Come on. There’s a reason this stuff gets shoved down our throats from the day we’re born: because if we first learned about it at, say, 13 we’d be able to see it for the obvious con job that it is.
Here’s how David Bruder (The Weekly Sift) put it regarding America’s religious values:
“All the recent complaints about “religious liberty” fall apart once you dispense with the notion that Christian sensibilities deserve more respect than non-Christian ones..”
I mean, there’s “only” America, right? No other religion anywhere else in the entire world that is as old as time, matters, or, could possibly be correct. Or, those who profess “no” religion – they’re pagans, right? “People” who are living in sin….which is exactly what? For that matter, “what is an American”?
Fine post today by Bruder…who asks that Americans focus on what our country needs, not so much what the candidates say or do. Where is the debate on climate, opportunity, world balance….A fine read.
https://weeklysift.com/2016/05/30/the-election-is-about-the-country-not-the-candidates/#comment-250281
Mime – While it is true we should not and cannot differentiate religions based on which is ‘true”, (for obvious reasons), comparisons based on *social consequences* is absolutely valid. Jainism vs. Islam, for example.
Yes, Fifty. I should have specified that point. Totally agree.
D-Day was one of a handful of days in history that we showed the world the best of who we are. (July 20, 1969 was another.) Every American should make the pilgrimage to Normandy, and tour the beaches — this should be as strong an aspiration as Muslims making the Hajj. It is impossible to walk those beaches and villages and maintain that fashionable pessimism about who Americans are, and what we mean to the world. It will wake you up to our uniqueness, our global obligations, and the hope that the world has found in us in a way that nothing else will.
Over a million people visit the American Cemetery at Omaha Beach every year. Two-thirds of these people are French. They have not forgotten — and we should not allow ourselves to forget, either.
I went to Normandy just after the 9/11 attack. I was on a business trip in Paris on 9/11, and this time I had my father in tow. Due to the airspace shutdown we were unable to fly home for several days. So we decided to rent a car and tour the Normandy area. Visiting the Cemetery so soon after the attack was particularly poignant. The site was eerily quiet because there were so few people there due to the travel restrictions. All of us were in tears the whole time. And the French people were unbelievably kind and sympathetic once they became aware we were Americans.

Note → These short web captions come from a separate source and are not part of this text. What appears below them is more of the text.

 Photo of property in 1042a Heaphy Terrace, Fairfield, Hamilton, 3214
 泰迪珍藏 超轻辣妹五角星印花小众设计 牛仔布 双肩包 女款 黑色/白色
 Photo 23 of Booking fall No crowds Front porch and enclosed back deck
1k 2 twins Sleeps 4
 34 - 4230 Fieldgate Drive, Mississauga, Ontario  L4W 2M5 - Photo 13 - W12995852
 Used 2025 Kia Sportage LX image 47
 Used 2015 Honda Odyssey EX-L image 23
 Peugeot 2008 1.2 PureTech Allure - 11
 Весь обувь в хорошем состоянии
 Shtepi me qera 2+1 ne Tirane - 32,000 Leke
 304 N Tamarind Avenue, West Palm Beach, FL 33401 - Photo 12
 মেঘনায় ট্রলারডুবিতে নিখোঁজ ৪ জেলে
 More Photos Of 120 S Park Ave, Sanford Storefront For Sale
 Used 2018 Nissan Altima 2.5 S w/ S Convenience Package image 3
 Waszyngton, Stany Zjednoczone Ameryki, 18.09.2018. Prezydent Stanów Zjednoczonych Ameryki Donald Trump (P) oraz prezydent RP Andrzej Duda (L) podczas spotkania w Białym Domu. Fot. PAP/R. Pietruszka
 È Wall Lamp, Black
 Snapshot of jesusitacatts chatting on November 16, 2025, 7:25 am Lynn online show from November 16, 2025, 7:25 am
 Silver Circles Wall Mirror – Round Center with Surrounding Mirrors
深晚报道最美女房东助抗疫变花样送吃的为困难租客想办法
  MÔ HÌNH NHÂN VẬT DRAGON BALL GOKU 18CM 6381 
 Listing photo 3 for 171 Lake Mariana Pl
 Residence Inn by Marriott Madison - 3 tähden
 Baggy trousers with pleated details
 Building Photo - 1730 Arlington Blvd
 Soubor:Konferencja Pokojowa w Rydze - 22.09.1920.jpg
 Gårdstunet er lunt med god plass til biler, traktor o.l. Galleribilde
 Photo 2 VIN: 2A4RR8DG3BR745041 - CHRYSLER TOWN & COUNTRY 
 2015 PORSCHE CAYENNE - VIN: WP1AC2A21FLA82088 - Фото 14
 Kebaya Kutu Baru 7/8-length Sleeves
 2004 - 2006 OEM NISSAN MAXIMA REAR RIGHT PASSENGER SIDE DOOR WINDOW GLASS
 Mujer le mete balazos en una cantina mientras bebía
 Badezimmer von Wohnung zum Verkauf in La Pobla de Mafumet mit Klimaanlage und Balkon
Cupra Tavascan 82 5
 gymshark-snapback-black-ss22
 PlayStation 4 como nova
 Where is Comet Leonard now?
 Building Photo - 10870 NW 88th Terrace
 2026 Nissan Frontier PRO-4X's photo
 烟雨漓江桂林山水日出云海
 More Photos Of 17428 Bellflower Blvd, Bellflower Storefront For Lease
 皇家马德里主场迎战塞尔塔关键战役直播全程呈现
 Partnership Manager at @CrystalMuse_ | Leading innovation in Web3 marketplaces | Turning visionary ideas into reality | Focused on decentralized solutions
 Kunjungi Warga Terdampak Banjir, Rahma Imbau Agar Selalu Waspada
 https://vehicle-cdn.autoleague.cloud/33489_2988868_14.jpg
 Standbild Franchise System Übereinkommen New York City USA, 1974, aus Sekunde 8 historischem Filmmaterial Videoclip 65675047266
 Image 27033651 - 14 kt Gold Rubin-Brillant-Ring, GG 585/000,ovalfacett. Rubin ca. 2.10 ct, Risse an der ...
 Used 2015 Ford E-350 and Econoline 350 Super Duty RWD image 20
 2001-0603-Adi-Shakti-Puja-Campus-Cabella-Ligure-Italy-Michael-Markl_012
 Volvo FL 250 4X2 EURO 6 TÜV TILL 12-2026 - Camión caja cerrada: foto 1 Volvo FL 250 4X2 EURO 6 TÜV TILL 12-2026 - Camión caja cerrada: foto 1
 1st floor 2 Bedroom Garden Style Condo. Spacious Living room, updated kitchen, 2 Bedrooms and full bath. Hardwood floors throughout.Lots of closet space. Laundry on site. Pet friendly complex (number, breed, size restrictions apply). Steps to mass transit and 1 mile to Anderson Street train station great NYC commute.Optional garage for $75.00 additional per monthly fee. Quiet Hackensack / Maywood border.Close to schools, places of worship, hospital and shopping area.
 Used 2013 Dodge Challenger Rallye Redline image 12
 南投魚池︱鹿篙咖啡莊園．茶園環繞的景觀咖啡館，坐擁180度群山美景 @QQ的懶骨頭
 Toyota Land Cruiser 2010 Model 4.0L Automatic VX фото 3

If you haven’t been there I strongly suggest visiting the D-Day museum in Caen before going to the beaches. The museum provides a comprehensive overview of the planning, execution and aftermath of the invasion with several big audio visual presentations. When you go to the beaches you’ll notice important things that casual observation would overlook. In addition to the incredible bravery of the soldiers, it is truly awe inspiring to appreciate the logistics that were required to accomplish such a feat.